(REQUIREMENT): Line for line, return the data exactly, omitting all pictures.

(GIVEN DATA):

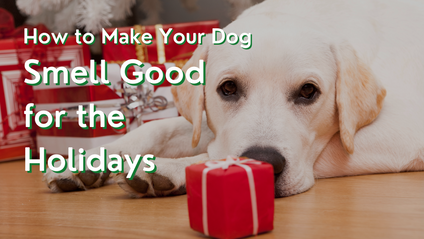Product image for How To Make Your Dog Smell Good for the Holidays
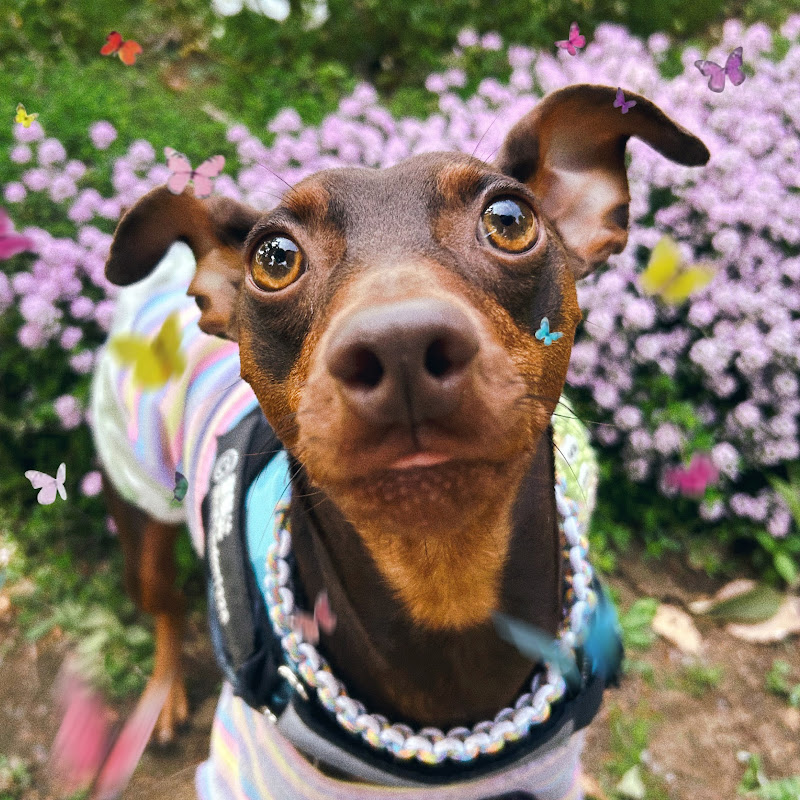 海鮮丼くんとマネジャー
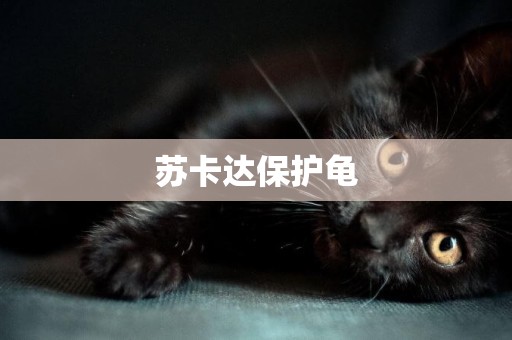 蘇卡達保護龜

(ANSWER TO THIS EXERCISE):
Product image for How To Make Your Dog Smell Good for the Holidays
 海鮮丼くんとマネジャー
 蘇卡達保護龜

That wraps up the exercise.